Ornamental Trees: The False Pink Acacia (Robinia Hispida)

The false pink acacia (Robinia hispida) is a species belonging to the Fabaceae family and originating in the southeastern US, although it has been successfully spread to other countries where its specimens are grown as ornamental trees in parks, Large gardens and streets.

The false pink acacia possesses leaves composed of 8 to 12 oval leaflets
It is a deciduous tree or shrub, capable of growing up to 25 meters in height in a span of 25 years and between 1 and 1.5 meters in diameter of trunk, which is protected by a thick deep black cracked bark.

The false pink acacia possesses leaves composed of 8 to 12 oval leaflets finished in terminal short tip of the leaves of light green color, with petiole and rachis with 5 acute ribs, they are 10 to 25 centimeters in length and they hang of arched stems and covered with dense brown bristles.

This composition creates the ideal background scenery for the attractive and fragrant pink flowers, with flared calf, gibbous, hairy with 5 teeth. They appear in mid and late spring, hanging in clusters 8 to 20 centimeters long, similar in appearance to wisteria.

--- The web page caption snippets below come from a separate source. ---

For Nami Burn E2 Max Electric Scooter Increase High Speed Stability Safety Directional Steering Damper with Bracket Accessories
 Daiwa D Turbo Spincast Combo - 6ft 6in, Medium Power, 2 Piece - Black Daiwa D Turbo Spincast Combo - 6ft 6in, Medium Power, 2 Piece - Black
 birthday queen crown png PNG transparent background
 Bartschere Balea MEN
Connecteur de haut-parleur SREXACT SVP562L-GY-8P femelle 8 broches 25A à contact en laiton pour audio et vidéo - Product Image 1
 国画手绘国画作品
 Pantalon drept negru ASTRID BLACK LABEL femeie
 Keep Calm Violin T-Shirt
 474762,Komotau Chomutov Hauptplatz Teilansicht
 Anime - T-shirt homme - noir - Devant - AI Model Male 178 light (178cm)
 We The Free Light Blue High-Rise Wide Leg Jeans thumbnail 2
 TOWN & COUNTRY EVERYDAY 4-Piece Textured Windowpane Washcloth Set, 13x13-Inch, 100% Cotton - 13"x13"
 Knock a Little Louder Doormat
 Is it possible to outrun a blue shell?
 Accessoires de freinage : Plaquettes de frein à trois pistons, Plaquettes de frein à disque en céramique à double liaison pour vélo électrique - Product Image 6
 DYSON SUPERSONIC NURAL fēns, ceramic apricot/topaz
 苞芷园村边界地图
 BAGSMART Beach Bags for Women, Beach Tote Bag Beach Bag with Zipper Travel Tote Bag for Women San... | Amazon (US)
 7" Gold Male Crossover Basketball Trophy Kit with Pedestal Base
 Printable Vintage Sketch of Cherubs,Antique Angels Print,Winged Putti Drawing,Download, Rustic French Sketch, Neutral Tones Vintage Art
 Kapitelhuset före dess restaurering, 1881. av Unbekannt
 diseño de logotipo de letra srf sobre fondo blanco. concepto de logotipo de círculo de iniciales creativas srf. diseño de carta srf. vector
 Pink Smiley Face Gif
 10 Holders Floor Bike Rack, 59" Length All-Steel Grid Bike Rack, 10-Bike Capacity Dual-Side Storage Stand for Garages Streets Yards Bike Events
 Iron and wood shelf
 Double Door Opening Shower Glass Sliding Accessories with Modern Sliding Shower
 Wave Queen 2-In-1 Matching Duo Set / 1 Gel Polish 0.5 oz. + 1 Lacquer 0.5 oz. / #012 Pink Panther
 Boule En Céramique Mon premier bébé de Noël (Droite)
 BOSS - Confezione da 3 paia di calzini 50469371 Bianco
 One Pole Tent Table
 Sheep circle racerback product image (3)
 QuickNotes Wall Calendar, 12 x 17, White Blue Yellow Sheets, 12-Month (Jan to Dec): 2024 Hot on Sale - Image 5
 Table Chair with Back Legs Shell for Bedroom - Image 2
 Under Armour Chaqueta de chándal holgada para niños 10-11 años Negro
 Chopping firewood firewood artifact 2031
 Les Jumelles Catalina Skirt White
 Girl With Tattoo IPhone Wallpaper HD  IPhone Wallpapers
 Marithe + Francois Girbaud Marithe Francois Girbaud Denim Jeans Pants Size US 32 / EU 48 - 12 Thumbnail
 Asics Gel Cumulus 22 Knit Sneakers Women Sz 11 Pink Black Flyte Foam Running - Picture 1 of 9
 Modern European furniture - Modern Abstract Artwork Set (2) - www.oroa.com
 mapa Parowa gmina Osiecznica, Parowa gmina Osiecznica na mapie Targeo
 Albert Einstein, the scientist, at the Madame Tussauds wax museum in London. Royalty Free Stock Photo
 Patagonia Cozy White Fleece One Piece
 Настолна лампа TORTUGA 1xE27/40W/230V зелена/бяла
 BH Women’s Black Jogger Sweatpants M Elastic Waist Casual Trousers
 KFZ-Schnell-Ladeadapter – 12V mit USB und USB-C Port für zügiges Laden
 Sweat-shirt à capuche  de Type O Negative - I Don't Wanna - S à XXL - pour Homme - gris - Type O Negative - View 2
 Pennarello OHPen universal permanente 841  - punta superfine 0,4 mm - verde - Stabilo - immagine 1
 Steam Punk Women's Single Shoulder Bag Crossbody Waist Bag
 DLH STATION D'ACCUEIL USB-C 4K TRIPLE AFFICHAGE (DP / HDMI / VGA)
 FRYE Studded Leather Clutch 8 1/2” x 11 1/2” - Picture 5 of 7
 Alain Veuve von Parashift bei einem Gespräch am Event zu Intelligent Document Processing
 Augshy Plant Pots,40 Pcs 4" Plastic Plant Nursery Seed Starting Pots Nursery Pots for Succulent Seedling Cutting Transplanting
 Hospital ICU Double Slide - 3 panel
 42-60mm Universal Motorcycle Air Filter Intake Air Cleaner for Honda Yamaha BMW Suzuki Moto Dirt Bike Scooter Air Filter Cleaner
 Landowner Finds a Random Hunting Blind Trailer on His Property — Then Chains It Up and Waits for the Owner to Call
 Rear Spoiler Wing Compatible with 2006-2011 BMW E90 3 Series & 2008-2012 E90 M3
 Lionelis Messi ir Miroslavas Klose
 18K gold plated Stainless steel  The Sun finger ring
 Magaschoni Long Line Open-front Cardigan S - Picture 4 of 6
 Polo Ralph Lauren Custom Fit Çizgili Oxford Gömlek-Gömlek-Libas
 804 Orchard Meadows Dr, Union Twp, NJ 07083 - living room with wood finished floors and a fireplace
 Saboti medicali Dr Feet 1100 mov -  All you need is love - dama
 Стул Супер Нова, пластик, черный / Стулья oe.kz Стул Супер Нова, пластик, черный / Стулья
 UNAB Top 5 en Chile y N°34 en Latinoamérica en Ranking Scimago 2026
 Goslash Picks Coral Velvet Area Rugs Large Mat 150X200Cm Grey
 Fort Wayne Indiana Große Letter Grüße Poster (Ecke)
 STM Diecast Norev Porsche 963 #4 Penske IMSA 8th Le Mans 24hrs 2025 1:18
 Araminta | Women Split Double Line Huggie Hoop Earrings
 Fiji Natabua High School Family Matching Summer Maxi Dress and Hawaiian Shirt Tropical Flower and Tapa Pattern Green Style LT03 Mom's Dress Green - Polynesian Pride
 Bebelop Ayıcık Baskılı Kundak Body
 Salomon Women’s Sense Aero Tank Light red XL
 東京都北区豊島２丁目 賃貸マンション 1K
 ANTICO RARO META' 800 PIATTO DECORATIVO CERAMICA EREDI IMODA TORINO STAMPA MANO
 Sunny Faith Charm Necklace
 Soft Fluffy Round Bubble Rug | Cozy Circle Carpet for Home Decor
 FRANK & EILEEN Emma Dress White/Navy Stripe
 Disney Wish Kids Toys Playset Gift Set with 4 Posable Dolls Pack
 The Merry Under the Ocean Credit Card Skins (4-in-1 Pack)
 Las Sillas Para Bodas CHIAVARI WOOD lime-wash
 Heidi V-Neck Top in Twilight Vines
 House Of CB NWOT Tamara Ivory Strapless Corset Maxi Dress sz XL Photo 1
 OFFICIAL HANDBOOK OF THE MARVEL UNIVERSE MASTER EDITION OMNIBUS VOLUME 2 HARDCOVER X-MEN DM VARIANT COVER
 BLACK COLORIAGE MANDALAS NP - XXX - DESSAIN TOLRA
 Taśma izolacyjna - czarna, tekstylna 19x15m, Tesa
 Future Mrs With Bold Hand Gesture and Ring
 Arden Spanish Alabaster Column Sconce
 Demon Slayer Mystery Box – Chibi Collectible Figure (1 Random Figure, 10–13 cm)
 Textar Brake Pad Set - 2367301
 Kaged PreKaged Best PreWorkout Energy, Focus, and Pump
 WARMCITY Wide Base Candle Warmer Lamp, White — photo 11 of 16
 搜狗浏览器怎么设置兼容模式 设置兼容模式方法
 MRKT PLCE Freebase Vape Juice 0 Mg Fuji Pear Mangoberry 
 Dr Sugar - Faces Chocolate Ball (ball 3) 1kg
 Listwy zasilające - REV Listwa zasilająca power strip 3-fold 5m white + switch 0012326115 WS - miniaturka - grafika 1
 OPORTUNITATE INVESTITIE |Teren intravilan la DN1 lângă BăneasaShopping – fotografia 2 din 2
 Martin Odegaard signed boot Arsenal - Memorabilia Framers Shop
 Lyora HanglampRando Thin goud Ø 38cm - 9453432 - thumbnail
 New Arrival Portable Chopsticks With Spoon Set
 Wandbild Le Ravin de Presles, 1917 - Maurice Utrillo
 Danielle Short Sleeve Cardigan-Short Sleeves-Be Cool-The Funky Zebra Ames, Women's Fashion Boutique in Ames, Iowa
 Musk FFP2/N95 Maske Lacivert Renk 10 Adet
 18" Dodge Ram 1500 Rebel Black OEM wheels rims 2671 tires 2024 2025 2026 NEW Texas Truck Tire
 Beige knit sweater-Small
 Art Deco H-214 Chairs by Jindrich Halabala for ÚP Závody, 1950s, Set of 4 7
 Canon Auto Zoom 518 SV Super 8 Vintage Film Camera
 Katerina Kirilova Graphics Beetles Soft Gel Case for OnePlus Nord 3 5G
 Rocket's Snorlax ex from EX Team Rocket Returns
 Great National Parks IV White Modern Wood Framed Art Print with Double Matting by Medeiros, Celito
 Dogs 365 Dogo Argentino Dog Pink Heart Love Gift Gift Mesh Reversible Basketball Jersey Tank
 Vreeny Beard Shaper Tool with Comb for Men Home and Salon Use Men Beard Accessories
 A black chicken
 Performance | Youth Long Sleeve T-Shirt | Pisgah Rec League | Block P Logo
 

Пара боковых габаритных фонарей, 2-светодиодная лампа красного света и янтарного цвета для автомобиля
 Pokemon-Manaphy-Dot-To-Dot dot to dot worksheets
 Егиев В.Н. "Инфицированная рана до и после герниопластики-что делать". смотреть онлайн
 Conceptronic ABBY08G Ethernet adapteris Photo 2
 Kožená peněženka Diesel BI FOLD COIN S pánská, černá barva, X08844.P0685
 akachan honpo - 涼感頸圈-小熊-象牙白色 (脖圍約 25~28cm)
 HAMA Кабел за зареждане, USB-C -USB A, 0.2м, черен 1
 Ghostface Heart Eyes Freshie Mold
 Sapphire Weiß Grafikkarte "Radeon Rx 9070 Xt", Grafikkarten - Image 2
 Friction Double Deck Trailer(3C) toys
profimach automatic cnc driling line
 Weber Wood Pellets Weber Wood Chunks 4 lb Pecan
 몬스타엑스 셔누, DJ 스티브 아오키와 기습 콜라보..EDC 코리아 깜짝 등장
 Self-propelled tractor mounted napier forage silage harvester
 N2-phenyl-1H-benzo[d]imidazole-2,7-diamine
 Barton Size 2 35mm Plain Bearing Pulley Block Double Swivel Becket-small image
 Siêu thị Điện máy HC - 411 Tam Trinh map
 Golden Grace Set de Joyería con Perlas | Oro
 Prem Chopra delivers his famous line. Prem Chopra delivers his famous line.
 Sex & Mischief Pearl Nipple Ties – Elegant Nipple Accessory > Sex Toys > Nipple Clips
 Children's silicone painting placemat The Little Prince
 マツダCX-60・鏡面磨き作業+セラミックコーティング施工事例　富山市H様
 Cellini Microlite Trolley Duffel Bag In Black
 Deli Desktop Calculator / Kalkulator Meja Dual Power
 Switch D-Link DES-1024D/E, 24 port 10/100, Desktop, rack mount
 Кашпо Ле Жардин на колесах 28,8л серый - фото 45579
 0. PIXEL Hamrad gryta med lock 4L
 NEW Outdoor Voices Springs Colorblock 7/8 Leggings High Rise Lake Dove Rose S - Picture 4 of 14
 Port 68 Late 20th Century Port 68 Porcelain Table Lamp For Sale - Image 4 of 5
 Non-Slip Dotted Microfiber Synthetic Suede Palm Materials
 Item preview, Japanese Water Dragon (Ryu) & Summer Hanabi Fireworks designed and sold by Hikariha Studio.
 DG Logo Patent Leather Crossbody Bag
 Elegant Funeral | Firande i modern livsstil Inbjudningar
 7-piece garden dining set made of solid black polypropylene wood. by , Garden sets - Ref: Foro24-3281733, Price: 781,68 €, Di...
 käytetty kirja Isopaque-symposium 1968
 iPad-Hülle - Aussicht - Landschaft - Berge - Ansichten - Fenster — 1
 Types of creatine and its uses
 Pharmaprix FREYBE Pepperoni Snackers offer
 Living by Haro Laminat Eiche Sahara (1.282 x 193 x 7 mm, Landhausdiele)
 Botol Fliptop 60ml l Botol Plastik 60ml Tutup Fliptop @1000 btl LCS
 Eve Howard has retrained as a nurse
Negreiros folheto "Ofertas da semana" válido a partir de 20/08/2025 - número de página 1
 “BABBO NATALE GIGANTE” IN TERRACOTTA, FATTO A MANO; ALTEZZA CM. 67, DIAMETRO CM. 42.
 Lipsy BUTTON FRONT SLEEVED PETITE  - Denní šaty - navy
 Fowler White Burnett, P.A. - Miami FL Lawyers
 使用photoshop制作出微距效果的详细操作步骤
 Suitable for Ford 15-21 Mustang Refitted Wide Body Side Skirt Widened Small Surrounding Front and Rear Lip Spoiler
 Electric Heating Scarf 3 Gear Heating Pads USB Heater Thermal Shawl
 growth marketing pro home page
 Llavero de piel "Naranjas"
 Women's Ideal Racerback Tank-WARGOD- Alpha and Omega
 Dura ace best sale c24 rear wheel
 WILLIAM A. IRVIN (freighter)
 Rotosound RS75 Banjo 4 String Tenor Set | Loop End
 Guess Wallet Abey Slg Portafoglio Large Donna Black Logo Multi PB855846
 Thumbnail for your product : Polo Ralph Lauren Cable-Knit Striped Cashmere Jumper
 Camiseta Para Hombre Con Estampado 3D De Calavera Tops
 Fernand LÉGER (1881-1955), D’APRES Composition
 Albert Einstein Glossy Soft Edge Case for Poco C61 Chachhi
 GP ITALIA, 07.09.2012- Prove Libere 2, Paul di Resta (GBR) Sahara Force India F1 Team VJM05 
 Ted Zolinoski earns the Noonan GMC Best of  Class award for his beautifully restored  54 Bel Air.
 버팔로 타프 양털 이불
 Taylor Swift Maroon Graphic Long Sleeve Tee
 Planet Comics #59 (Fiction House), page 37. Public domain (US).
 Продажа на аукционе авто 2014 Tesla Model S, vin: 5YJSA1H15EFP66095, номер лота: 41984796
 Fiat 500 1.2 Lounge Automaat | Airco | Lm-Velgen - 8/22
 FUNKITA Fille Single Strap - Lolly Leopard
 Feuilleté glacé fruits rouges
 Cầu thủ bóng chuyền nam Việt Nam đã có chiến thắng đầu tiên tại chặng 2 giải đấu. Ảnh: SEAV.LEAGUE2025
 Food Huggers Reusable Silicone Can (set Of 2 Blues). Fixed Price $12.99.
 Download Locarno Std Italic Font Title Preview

During the autumn season, after flowering, the fake pink acacia produces very compressed pods 8 to 10 centimeters long by 1 to 1.5 centimeters wide, cinnamon-colored and with a dozen or so orange-colored, contoured seeds Dark with irregular spots blackish. These legumes mature in late autumn and will remain in the tree until the following spring.
One of the most widespread uses of this small tree is the ornamental one, being destined mainly like decorative element, either as a solitary specimen or as part of alignments.

Culture conditions

The false pink acacia can grow and develop without problems in any rich garden soil, adapting without problems to dry conditions in full sun or partial shade, as long as it is sheltered from strong winds. Optimal conditions, however, require a place where it receives good natural light, so it is usually recommended to place it against a sunny wall in a moist but well-drained substrate.

Another important advantage that this species offers is its easy adaptation to mild and cold climates, in addition to its ability to withstand strong frost. Multiplication of false pink acacia can be done by using seeds in autumn or hardwood cuttings in spring. It is also used to graft a foot of a specimen of the species to obtain a small tree more vigorous and resistant.